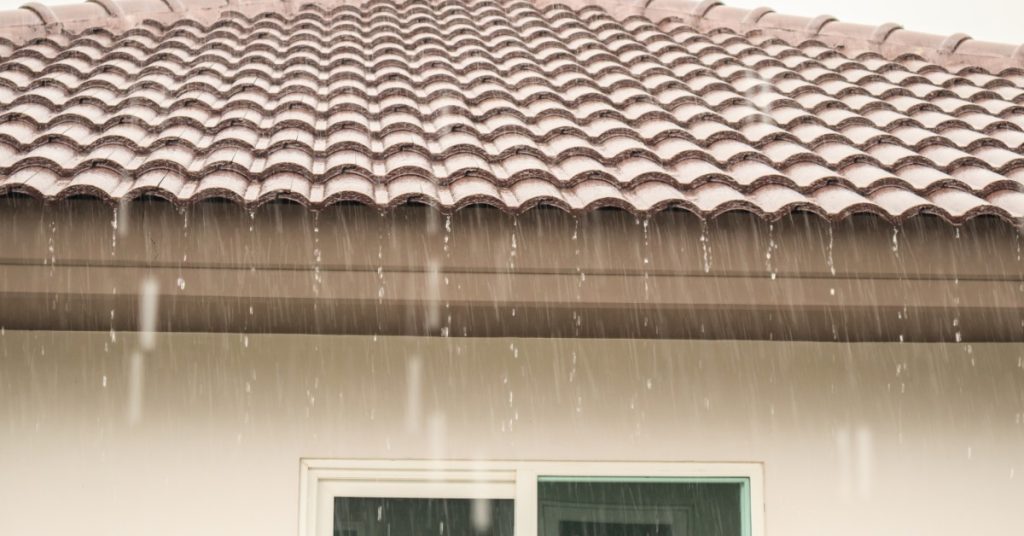 The roof of a home covered in clay shingles with water pouring down from the edges, with black clouds in the background.
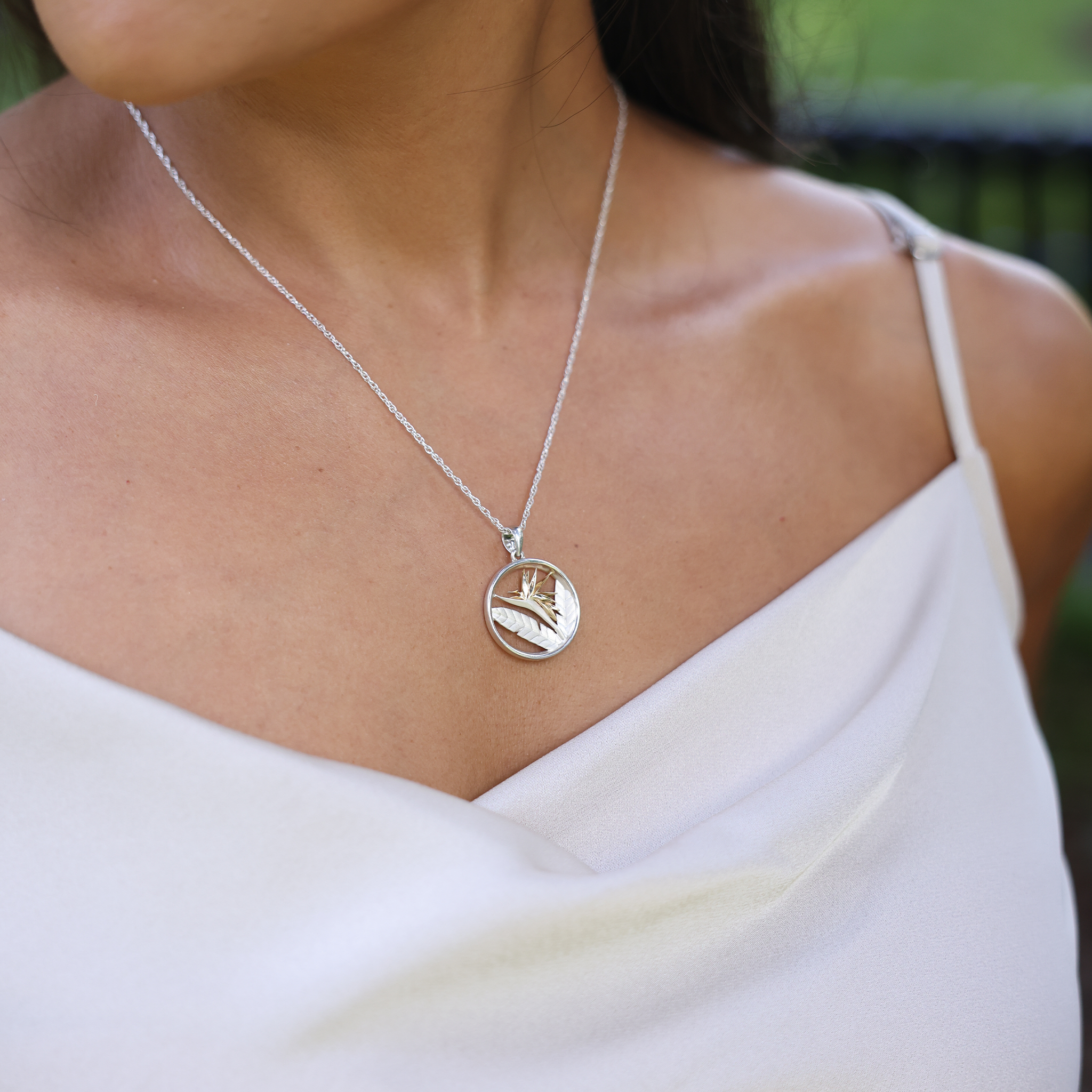 Close up of Birds of Paradise Pendant Necklace in Sterling Silver & Gold on a woman's chest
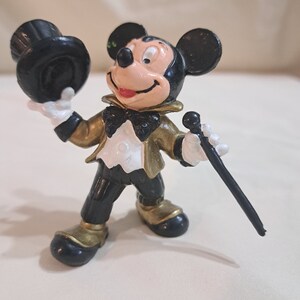 May include: A black and gold plastic figurine of Mickey Mouse wearing a tuxedo and holding a top hat and a cane.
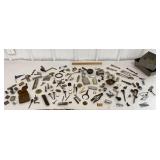 2 small metal tins full of misc guy junque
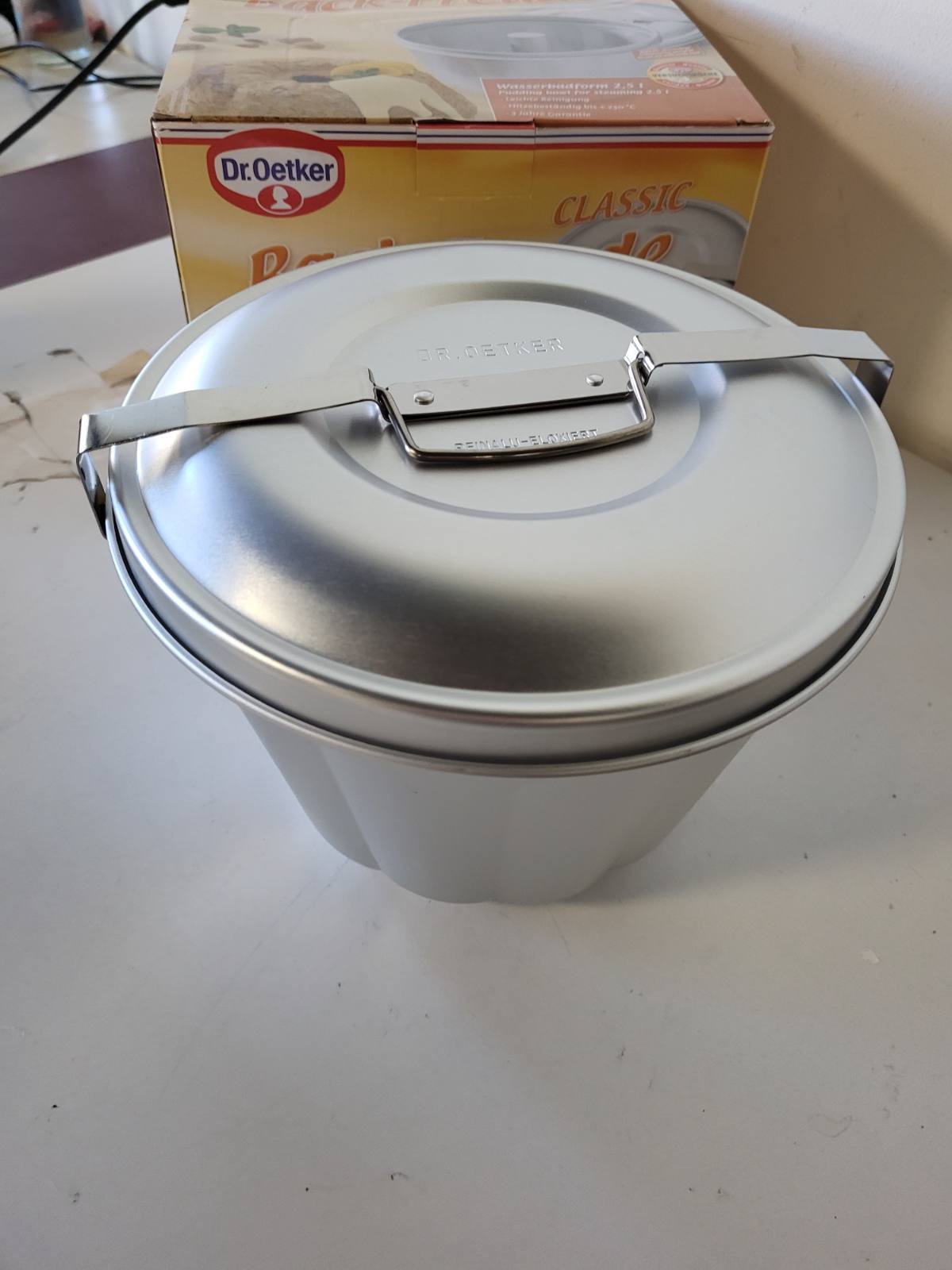 217526 - DR. OETKER Formë alumini për banjë me ujë Ø 21 cm, kapacitet 2.5 litra, argjend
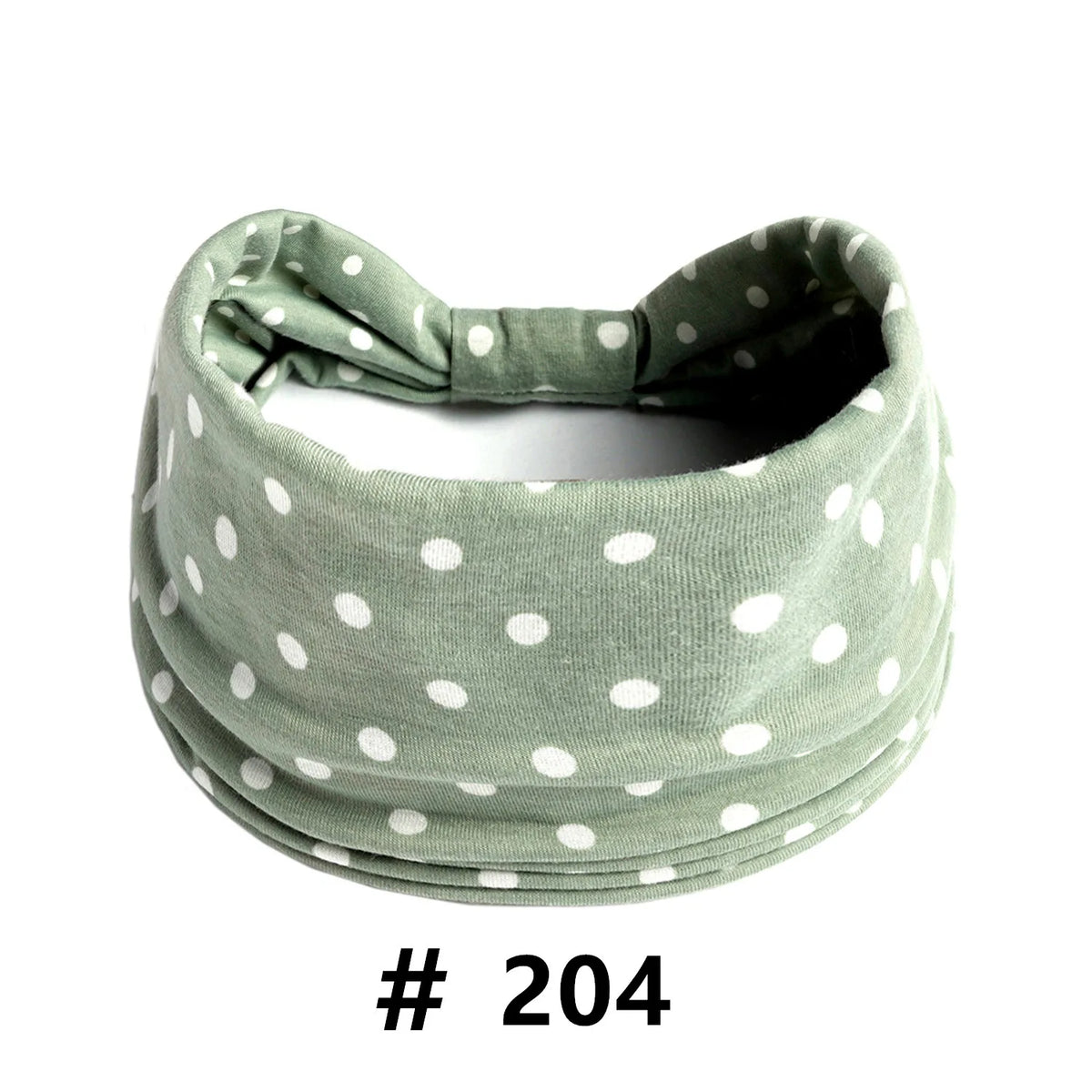 A soft sage green knitted headband with white polka dots, shown flat.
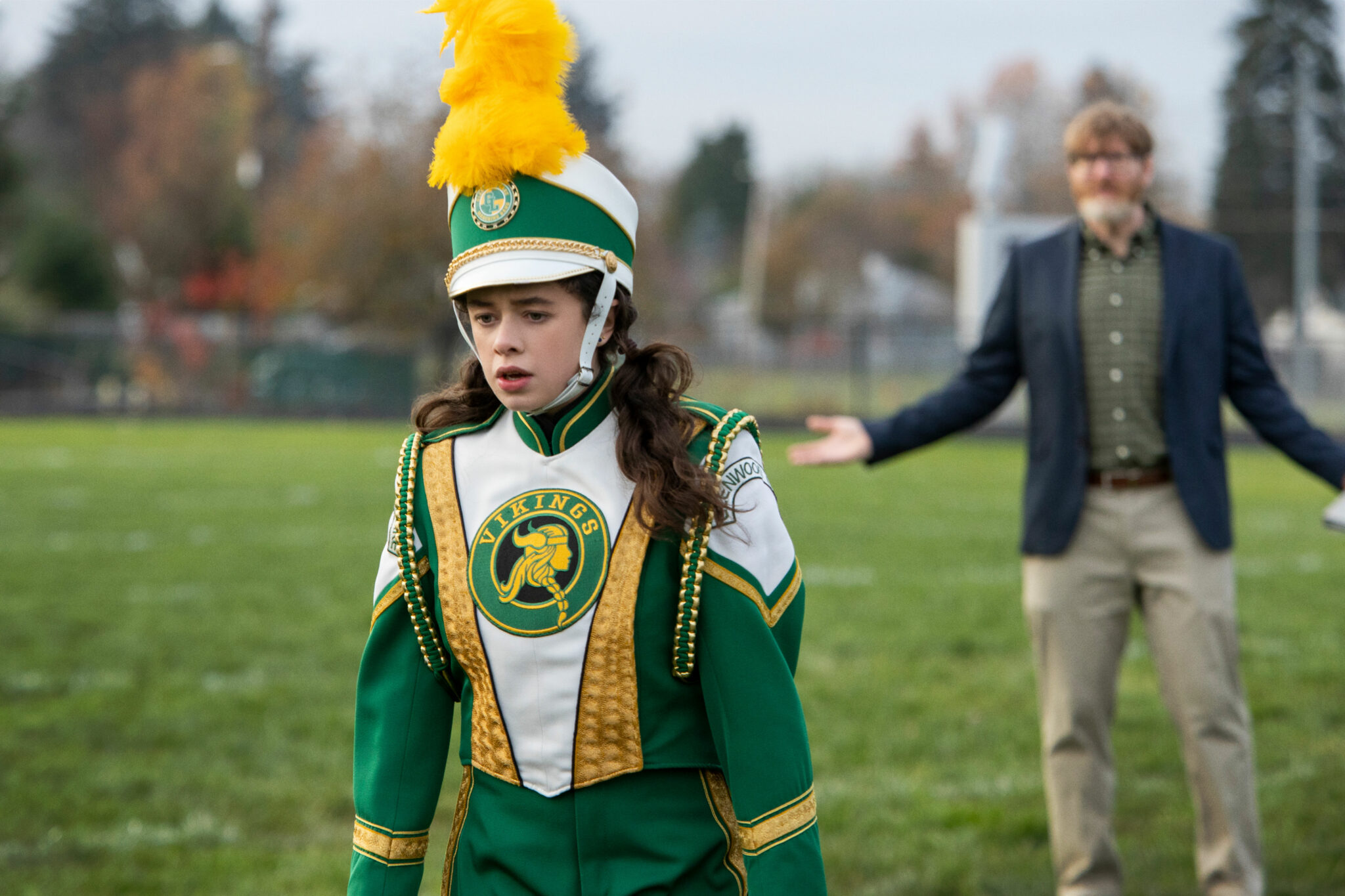 Emily (Isis Hainsworth) in einem grünweißgoldenen Kapell-Outfit samt aufwändigem Helm auf einer offenen Wiese. Hinten unscharf ein erwachsener Mann mit beiger Hose und blauem Blazer.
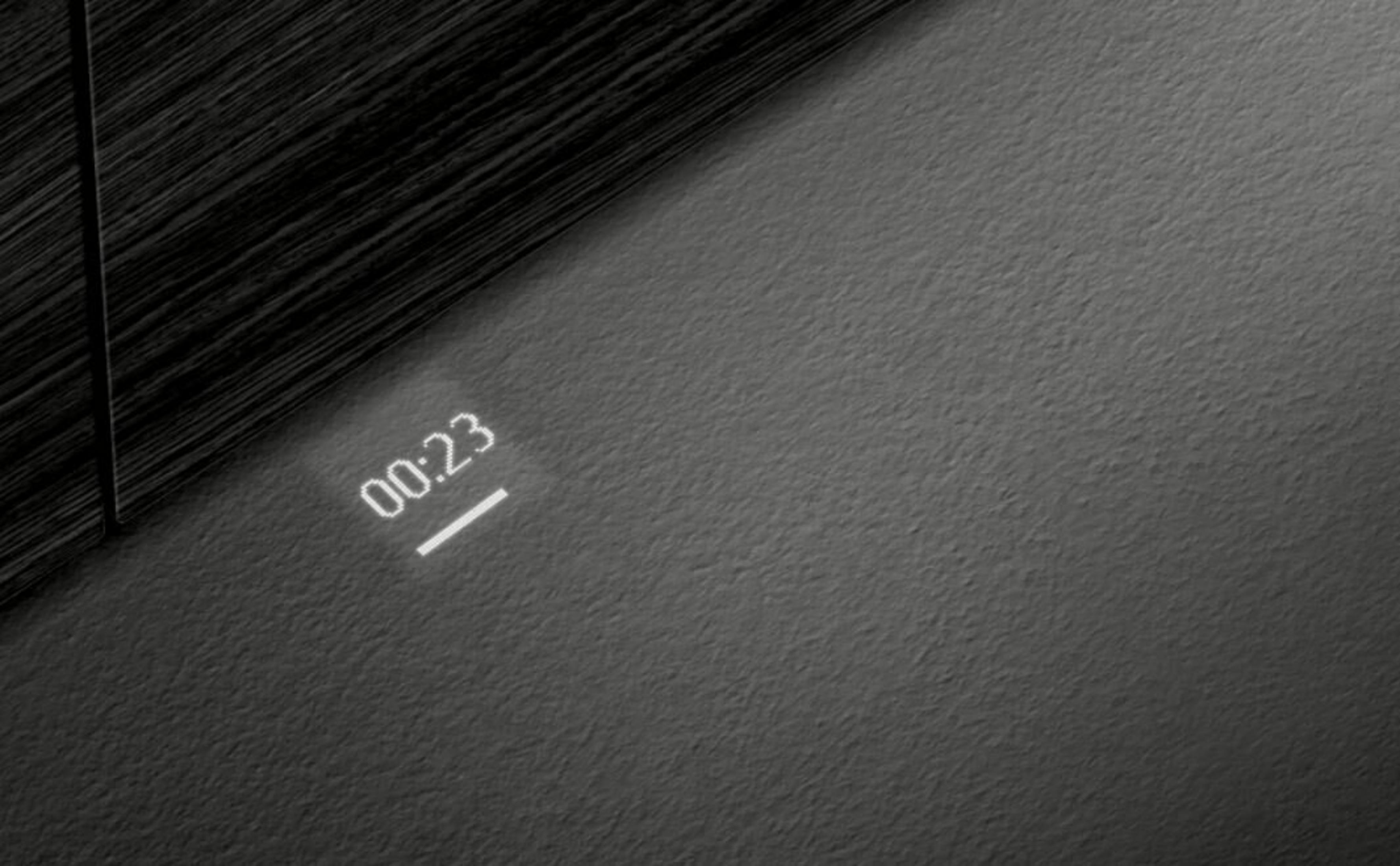 L'image montre un coin avec une minuterie affichant 00:23. Le fond est gris et en bois sombre.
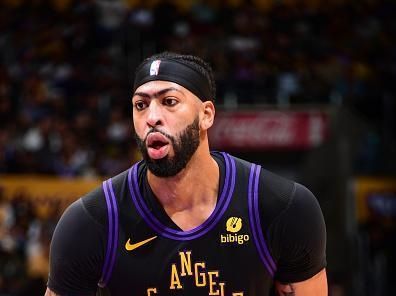 LOS ANGELES, CA - DECEMBER 18:  Anthony Davis #3 of the Los Angeles Lakers shoots a free throw during the game  on December 18, 2023 at Crypto.Com Arena in Los Angeles, California. NOTE TO USER: User expressly acknowledges and agrees that, by downloading and/or using this Photograph, user is consenting to the terms and conditions of the Getty Images License Agreement. Mandatory Copyright Notice: Copyright 2023 NBAE (Photo by Adam Pantozzi/NBAE via Getty Images)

***

Task — Copy out the listing above from the line containing "2 small metal tins full of misc guy junque" to the line containing "L'image montre un", both included, exactly as written and minus the images.

Answer section —
 2 small metal tins full of misc guy junque
 217526 - DR. OETKER Formë alumini për banjë me ujë Ø 21 cm, kapacitet 2.5 litra, argjend
 A soft sage green knitted headband with white polka dots, shown flat.
 Emily (Isis Hainsworth) in einem grünweißgoldenen Kapell-Outfit samt aufwändigem Helm auf einer offenen Wiese. Hinten unscharf ein erwachsener Mann mit beiger Hose und blauem Blazer.
 L'image montre un coin avec une minuterie affichant 00:23. Le fond est gris et en bois sombre.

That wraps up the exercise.